A note on the summit tower: there is a mantel move in some exposure to get to the climb proper, then we found the best first move was to place a left foot on a flake low then push up to easier hand-holds. (Can protect with a silver #.4 or tricam.) From there, it’s 15’ to a good position of balance, where you can put in a quad anchor to two very solid chains. Gorgeous views at the top and room for one person to sit and take it all in!


Once everyone had summited, we did a classic single-rope rappel off a big tree to the right with plenty of slings. Rappel #1  - with a super-fun overhang! - puts you right back at the base of pitch 1.

hanging rappel

We did another rappel til the end of the rope, then scrambled down the dirty gully a bit to the hidden gully and our packs. Another obvious tree with slings here takes you to a combination of scrambling and rappels - keep looking for trees and slings.

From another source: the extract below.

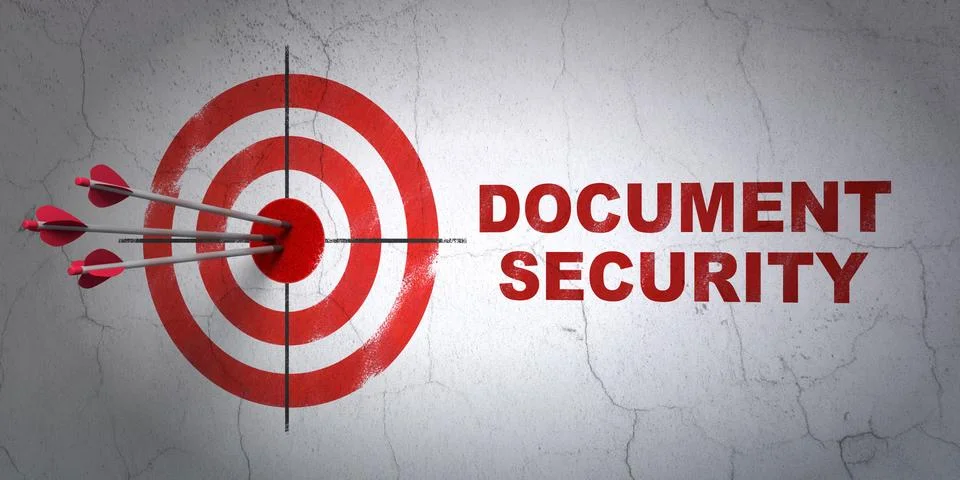 Safety concept: target and Document Security on wall background Ilustración de archivo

Do be mindful that the descent of nature’s garbage chute (below) is perhaps the crux of the climb: rock fall danger is high – if students, review rock fall procedure and especially how to call out ROCK clearly and emphatically.

dirty gully

Our rappel game was mostly on-point, and we scrambled the final 100’ or so to the turn-off point. Here, we gathered, took a group photo, and made our way down the steep dirt hike. I was mindful of a slight ankle sprain today, and the First Aid lead did a great job of checking in to make sure things were good with all the satanically sliding dirt.

group photo

One note: as we came off the trail, I saw a family on a golf cart, who asked me if I was in a group then informed me this was private property. I said, of course, we’ll keep our voices down. But it occurred to me that perhaps this person wasn’t aware that this was a well-used route that even includes a "Yellowjacket" sign tacked a tree. Don’t know what this means, just a note for future leaders to be aware during that short section from the parking pull-out to the beginning of the trail.

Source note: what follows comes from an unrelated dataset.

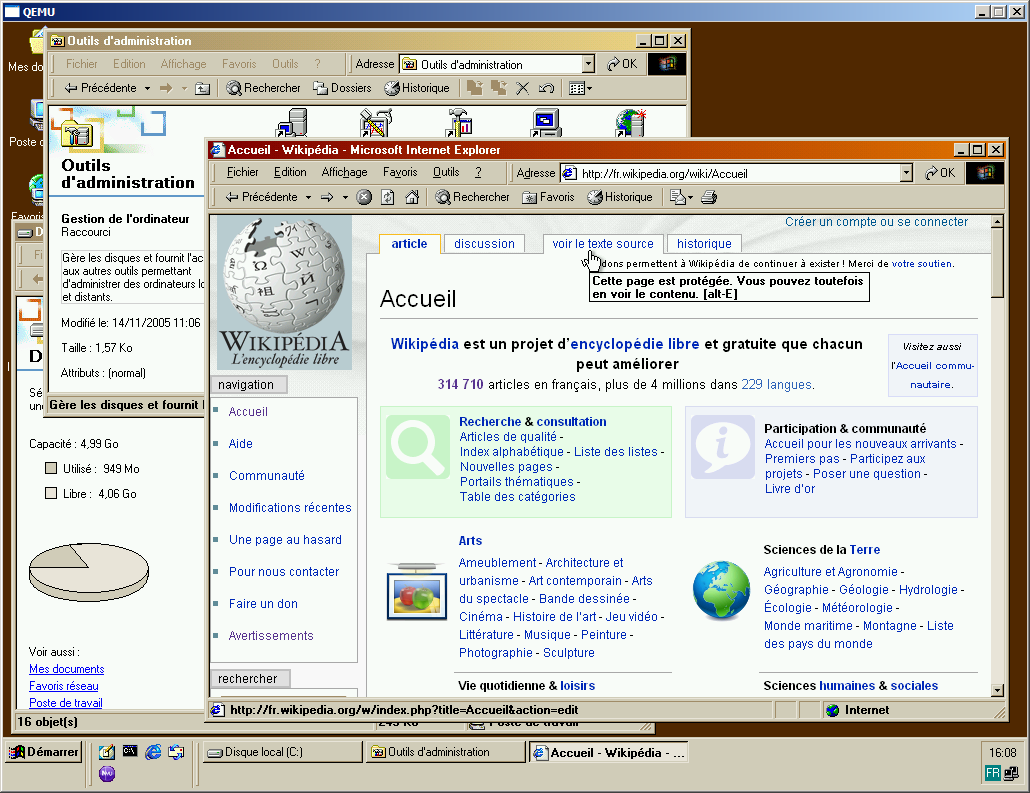 Windows 2000 dans Qemu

Today's climb took 8:15 (7:28 am-3:43 pm) - right around where I wanted to be. We did a good debrief in the lot, including a discussion about dealing with rock fall, everyone had acted as a team, we were in good spirits, we congratulated the two students on their rock credit, and I was happy to get in my first mentored rock climb without incident. (Thank you to my mentor!) We then departed to enjoy this beautiful, unseasonably warm October day.